MATERIAL FOR THIS TASK →
===

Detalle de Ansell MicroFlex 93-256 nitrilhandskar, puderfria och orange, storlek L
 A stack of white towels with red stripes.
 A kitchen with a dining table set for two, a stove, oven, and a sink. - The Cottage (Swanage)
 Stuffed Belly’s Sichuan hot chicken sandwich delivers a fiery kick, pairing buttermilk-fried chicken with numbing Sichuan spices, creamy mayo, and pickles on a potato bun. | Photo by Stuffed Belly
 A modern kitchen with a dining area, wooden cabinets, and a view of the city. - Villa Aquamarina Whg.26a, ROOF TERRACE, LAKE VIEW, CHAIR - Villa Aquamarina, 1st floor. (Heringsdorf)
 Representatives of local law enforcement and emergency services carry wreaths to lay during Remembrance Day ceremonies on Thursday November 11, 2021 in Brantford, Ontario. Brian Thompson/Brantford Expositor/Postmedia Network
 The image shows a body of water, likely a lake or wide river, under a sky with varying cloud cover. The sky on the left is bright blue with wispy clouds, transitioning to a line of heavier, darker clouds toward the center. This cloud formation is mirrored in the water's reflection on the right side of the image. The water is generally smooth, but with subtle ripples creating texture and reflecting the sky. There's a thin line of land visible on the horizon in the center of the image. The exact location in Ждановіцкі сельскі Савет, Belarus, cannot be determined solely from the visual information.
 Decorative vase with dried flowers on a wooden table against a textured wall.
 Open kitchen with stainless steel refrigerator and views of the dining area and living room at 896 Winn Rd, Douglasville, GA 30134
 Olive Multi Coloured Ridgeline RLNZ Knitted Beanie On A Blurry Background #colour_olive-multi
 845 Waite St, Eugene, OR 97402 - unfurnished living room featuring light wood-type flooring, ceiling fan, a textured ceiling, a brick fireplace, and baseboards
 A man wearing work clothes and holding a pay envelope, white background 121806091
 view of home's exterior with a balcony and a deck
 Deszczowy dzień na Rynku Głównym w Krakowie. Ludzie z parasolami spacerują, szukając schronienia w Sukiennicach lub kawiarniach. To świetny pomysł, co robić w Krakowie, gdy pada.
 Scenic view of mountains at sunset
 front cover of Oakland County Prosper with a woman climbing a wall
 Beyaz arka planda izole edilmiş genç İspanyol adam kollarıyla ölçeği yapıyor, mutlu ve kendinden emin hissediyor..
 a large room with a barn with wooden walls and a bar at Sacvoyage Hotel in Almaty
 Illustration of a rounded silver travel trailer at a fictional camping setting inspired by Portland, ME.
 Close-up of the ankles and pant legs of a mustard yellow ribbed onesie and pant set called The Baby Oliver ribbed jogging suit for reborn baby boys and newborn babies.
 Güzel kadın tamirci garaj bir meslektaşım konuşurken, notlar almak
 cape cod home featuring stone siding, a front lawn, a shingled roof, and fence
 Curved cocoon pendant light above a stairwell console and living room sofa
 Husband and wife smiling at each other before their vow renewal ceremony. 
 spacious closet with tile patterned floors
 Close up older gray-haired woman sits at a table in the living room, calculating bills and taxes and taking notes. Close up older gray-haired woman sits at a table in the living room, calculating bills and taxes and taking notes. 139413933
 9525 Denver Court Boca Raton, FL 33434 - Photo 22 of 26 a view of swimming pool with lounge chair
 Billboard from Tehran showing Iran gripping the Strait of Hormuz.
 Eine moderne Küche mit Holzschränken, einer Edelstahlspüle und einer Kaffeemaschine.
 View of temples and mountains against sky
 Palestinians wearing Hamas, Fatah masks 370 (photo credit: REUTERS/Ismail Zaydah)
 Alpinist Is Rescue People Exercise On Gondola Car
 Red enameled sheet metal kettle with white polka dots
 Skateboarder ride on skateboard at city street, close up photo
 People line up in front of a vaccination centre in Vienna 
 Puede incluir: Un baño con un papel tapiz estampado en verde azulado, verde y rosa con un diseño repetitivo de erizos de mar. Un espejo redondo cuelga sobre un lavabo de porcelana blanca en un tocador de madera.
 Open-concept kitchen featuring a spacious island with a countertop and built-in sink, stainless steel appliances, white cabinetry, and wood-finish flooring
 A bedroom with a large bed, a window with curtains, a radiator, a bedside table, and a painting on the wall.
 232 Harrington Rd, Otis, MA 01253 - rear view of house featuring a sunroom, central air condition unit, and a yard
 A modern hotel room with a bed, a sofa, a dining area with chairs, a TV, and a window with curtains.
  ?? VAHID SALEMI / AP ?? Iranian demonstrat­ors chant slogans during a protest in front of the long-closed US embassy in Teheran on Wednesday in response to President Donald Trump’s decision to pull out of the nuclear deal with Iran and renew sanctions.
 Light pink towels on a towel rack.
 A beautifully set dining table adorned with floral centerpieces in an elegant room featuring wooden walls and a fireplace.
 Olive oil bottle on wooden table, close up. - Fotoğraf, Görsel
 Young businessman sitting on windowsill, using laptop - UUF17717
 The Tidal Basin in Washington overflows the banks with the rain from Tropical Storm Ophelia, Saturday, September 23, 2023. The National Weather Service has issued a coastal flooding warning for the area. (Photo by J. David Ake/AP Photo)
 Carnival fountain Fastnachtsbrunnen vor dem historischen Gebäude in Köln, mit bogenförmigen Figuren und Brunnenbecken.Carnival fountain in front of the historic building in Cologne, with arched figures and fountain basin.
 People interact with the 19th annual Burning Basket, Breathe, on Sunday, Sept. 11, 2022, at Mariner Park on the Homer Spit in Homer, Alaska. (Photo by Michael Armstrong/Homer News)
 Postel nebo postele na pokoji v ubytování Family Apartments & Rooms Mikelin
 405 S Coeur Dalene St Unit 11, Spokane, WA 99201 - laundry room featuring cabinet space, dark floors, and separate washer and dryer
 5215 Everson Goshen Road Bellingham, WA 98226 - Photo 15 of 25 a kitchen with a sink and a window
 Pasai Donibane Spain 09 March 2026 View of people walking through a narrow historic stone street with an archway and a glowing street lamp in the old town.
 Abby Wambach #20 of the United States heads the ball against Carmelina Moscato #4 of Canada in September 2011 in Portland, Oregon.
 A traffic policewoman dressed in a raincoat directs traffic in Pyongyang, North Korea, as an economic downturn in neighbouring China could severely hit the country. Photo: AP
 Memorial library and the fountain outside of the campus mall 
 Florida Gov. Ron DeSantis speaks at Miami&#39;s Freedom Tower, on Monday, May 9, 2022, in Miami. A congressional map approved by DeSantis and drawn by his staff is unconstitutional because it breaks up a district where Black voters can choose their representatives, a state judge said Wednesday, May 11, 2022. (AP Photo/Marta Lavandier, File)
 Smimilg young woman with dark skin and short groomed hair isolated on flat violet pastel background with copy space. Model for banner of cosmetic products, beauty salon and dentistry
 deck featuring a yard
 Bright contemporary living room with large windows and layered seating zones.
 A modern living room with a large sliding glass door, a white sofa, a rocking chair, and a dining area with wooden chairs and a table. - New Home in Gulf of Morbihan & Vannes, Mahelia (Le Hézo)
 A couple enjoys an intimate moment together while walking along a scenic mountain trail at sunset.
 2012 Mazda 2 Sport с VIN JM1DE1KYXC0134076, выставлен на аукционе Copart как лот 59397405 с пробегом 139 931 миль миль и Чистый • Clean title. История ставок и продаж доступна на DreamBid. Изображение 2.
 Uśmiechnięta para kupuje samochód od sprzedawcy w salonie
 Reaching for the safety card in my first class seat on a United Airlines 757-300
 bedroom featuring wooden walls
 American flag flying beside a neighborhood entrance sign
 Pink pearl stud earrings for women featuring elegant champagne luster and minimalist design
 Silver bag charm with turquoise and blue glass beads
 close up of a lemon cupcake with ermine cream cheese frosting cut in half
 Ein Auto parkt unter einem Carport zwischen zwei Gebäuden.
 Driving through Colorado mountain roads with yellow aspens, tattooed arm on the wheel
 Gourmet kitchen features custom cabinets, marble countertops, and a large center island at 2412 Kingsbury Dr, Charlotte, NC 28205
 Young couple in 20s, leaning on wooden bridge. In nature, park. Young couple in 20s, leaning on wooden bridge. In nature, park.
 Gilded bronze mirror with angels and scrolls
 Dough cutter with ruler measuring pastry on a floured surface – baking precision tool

===

WORK REQUIRED →
Copy range, inclusive: the line holding "close up of" to the line holding "Driving through Colorado". Reproduce exactly those lines of the records above and no others.

WRITTEN SOLUTION →
 close up of a lemon cupcake with ermine cream cheese frosting cut in half
 Ein Auto parkt unter einem Carport zwischen zwei Gebäuden.
 Driving through Colorado mountain roads with yellow aspens, tattooed arm on the wheel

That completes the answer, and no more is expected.